Hingga pada saat saya pulang, saya pun menyaksikan hal yang membuat saya berpikir apakah benar politik itu penting. Sekitar pukul 20.00 WIB saya bergegas menaiki KRL jurusan Bogor dari Stasiun Cikini. Semua kursi terisi penuh, saya menyandarkan pinggang pada rangka besi disebelah tempat duduk prioritas. Saya melihat masih ada ruang untuk satu orang di salah satu bagian kereta yang pada akhirnya saya abaikan dan memilih untuk tetap berdiri. Beberapa stasiun berlalu dan orang-orang pun masuk-keluar. Di salah satu stasiun, seorang ibu yang sedang hamil masuk dan mencari tempat duduk kosong. Kala itu tempat duduk prioritas telah penuh dengan ibu-ibu sepuh dan ibu hamil lainnya. Meminta duduk di tempat selain prioritas agaknya akan sulit sehingga petugas pun meminta ibu hamil tersebut menuju gerbong biasa di sebelah gerbong khusus perempuan yang saya naiki. Beberapa saat selanjutnya seorang ibu sepuh masuk dan petugas pun meminta ibu-ibu di tempat duduk prioritas membagi tempat duduk pada ibu sepuh tersebut sehingga dapat duduk. Lagi-lagi tidak semua orang di gerbong tersebut mau bertukar tempat duduk dengan yang lain. Saya pun berpikir. Apakah ini adalah gambaran mudah dari politik? Jika saya memiliki kuasa yang dalam hal ini merupakan tempat duduk, saya akan dapat dengan mudah memberikan ibu sepuh atau ibu hamil tadi tempat duduk saya. Tapi dari awal saya memilih untuk berdiri, yang membuat saya tidak mempunyai daya untuk memberikan tempat duduk. Begitu pulakah dengan politik? Jika seseorang memiliki akses atas kuasa, maka akan dengan mudah dapat memperjuangkan kepentingan orang-orang yang ia bawa. Kalau memang begitu, maka politik tidak seburuk apa yang ada dipikiran saya. Politik kemudian dapat menjadi jalan untuk memberdayakan. Bukankah dengan demikian kita akan bahagia? Kesejahteraan yang disebutkan dalam sila kelima pun dapat diwujudkan.

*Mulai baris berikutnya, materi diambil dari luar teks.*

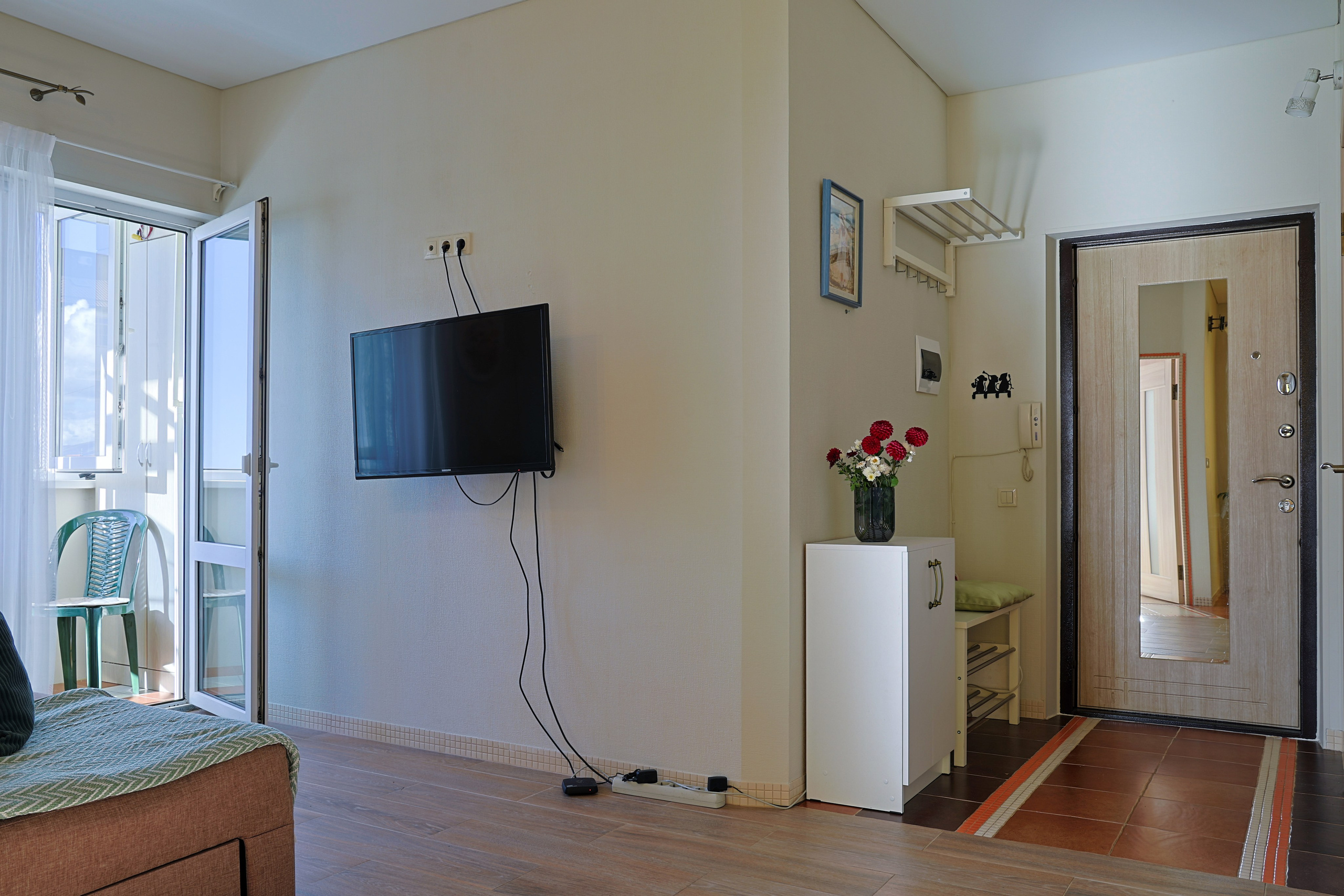 Комплексная подготовка квартиры для посуточной аренды в Геленджике. Интерьерная съёмка и подготовка недвижимости к аренде/продаже. Геленджик, Краснодарский край — Юлия Софронова, Art Sea Homes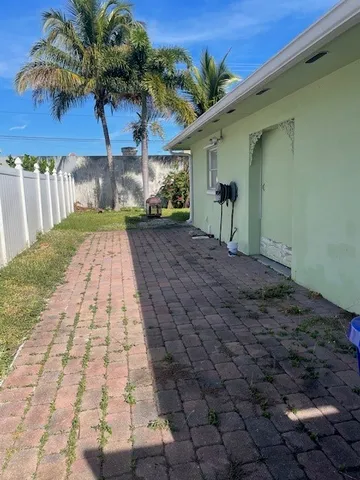 $2,200 | Undisclosed Address, Vero Beach, FL 32960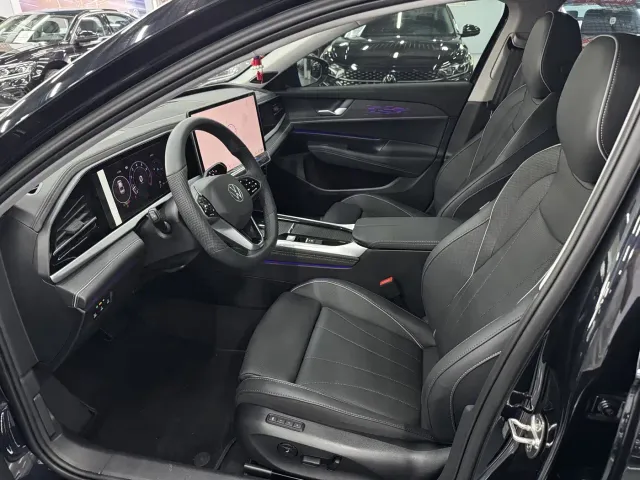 Volkswagen Passat — Фото автомобиля 4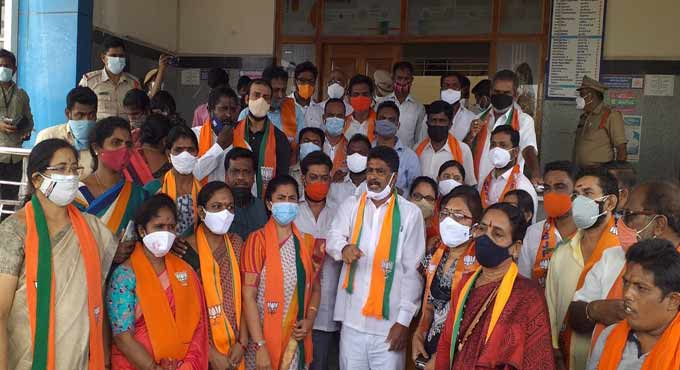 Doctor takes up wrong surgery on pregnant woman in Karimnagar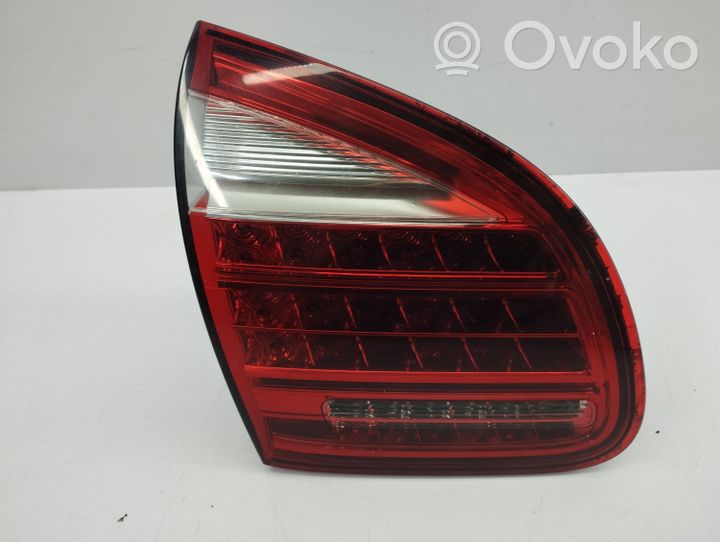 Porsche Cayenne (92A) Luci posteriori del portellone del bagagliaio 7P5945093K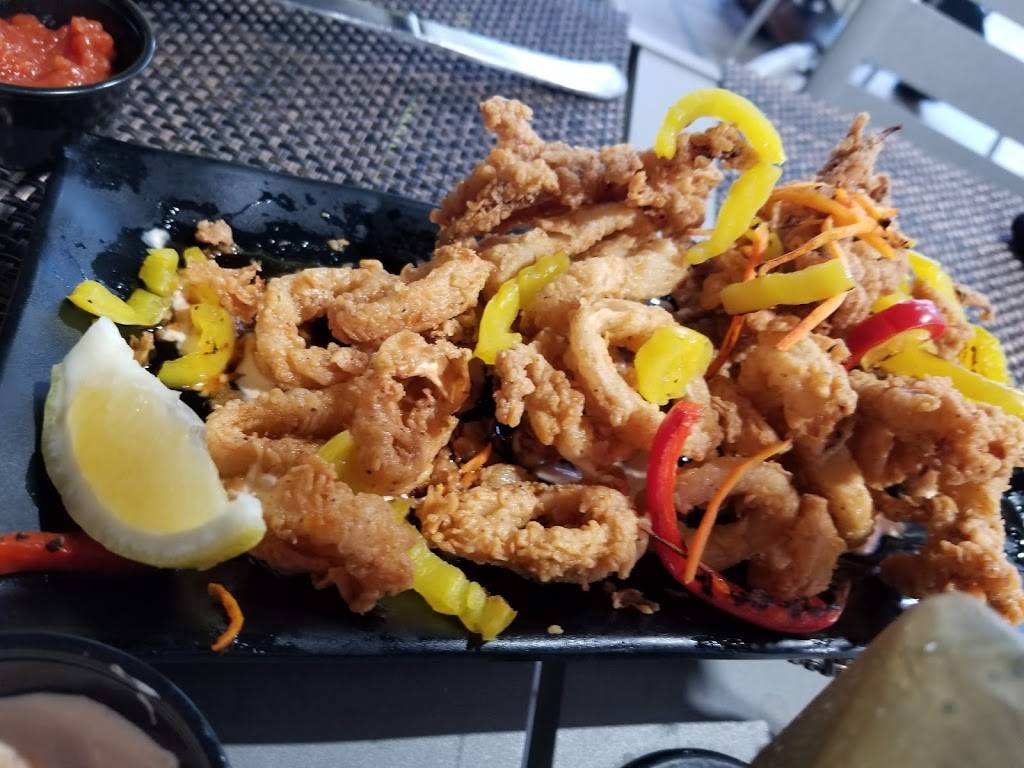 The Getaway Maximo | restaurant | 3769 50th Ave S, St. Petersburg, FL 33711, USA | 7272350963 OR +1 727-235-0963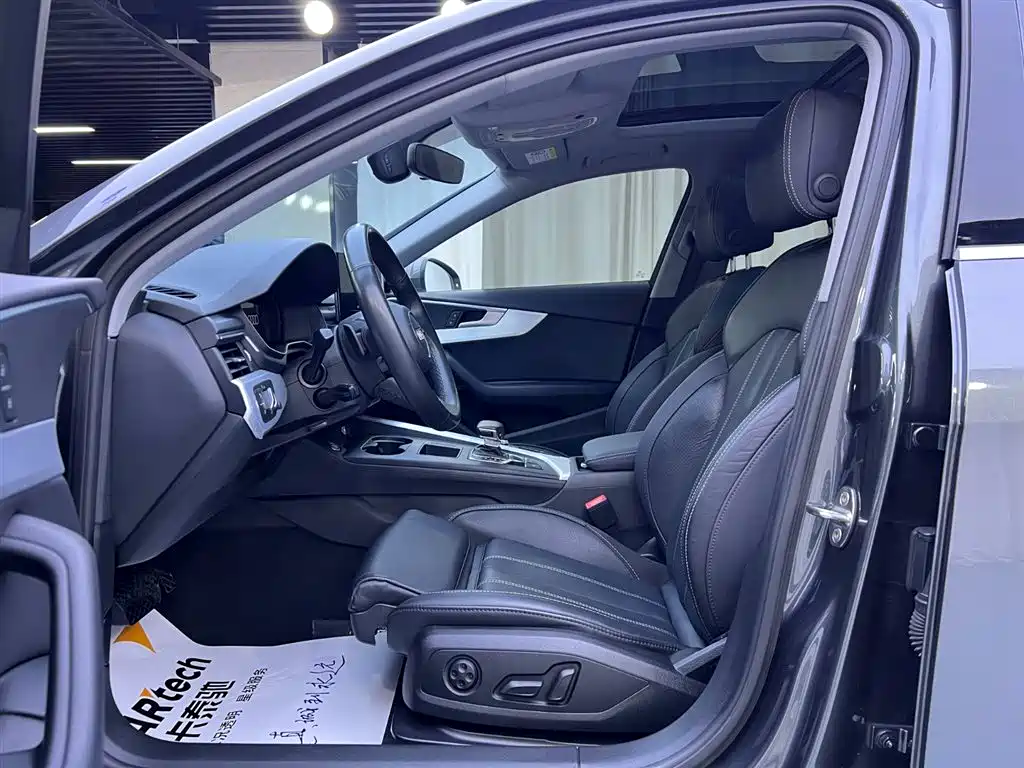 Audi A4L 2022 40 TFSI Fashion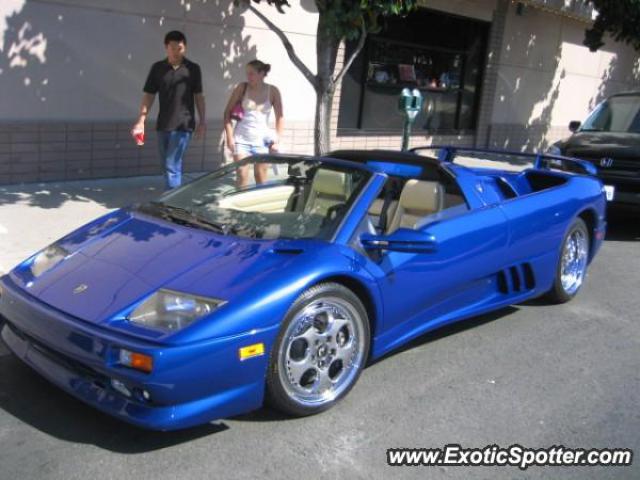 Lamborghini Diablo spotted in Walmut Creek, California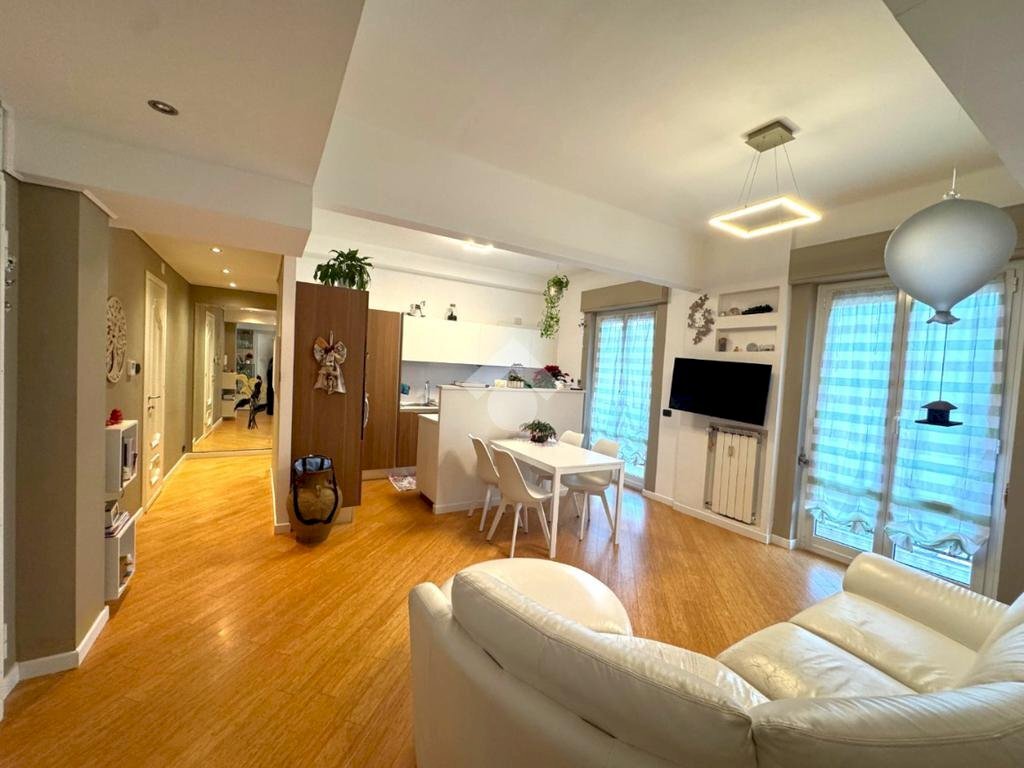 Three-room apartment Salita Brasile, Genova (neighborhood Bolzaneto) - photo 2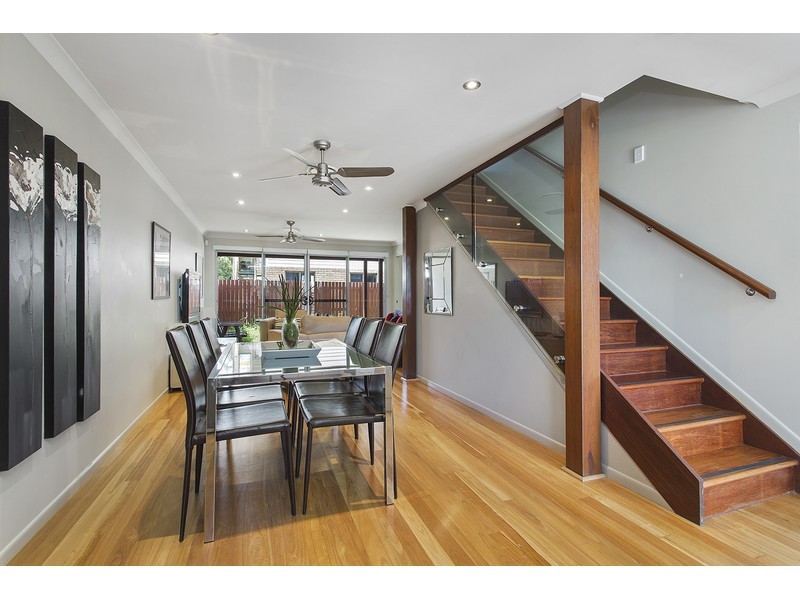 2/59 Edward Street, Berserker QLD 4701
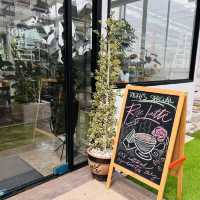 "Urban Oasis: A Unique Farm-to-Table Experience in Aquaponic Garden Café"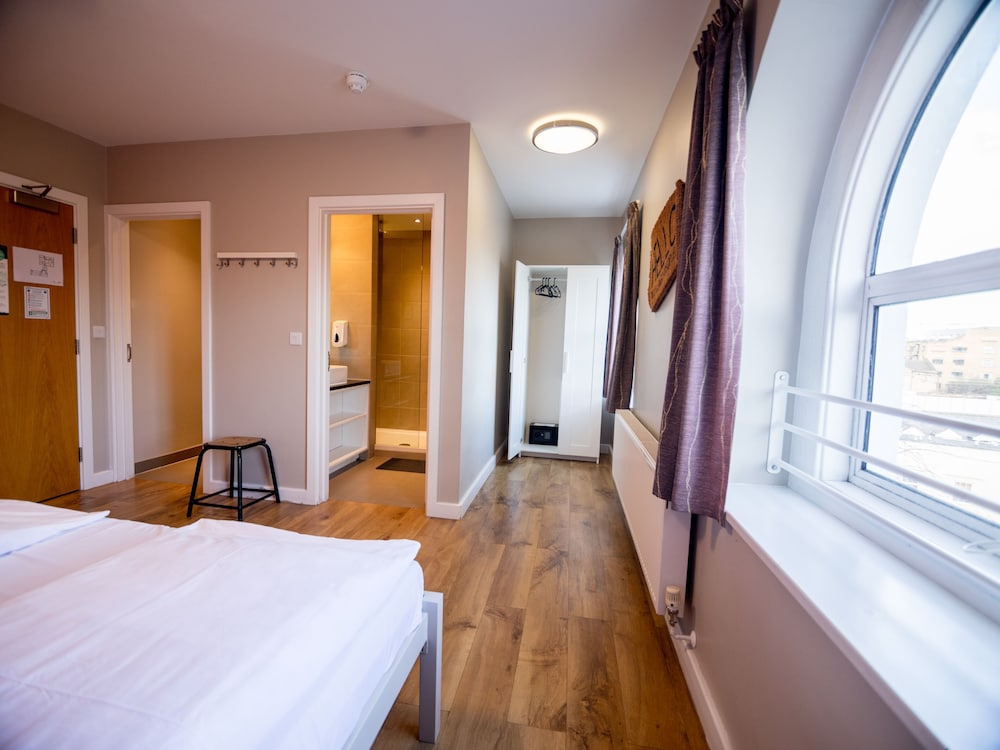 Double Room, 1 Double Bed, Private Bathroom del hotel Wombat's City Hostel London. Foto 1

Saya langsung mencari kontak Asti di henpon dan menceritakan apa yang saya pikirkan di atas. Apakah benar politik adalah demikian dan mempunyai daya untuk menyejahterakan. Namun pada beberapa kalimat terakhir saya menambahkan apa yang baru-baru saja saya pikirkan. Jika saja saya dalam gerbong tersebut sedang dalam kondisi duduk. Ibu sepuh dan ibu hamil memasuki gerbong saya. Apakah saya yang sedang duduk pasti akan memberikan tempat duduk saya kepada mereka? Kalimat terakhir pesan singkat yang saya kirimkan ke Asti pun jadinya seperti ini,
".... Hmm tapi gue takut ketika nantinya gue dapet tempat duduk gue akan lupa sama apa yang gue pelajari hari ini. That's why I hate politician. ...".
 Ya. Saya takut lupa. Lupa rasanya berdiri melihat ibu sepuh dan ibu hamil sulit mendapatkan tempat duduk, ketika saya pada akhirnya adalah orang yang sedang duduk diantara para penumpang lainnya.

Asti yang sedang dalam perjalanan pulangnya pun mengatakan bahwa memang kita mudah lupa. Tapi hebatnya, dia masih percaya bahwa masih banyak orang-orang tulus di luar sana yang sedang duduk (pada apapun jenis kursi mereka), yang akan dengan senang hati berdiri untuk kepentingan orang-orang seperti ibu sepuh dan ibu hamil agar mereka dapat menikmati perjalanan berkebangsaan.

Saya pun mengamini dalam hati. Tidak ada salahnya mencoba percaya lagi.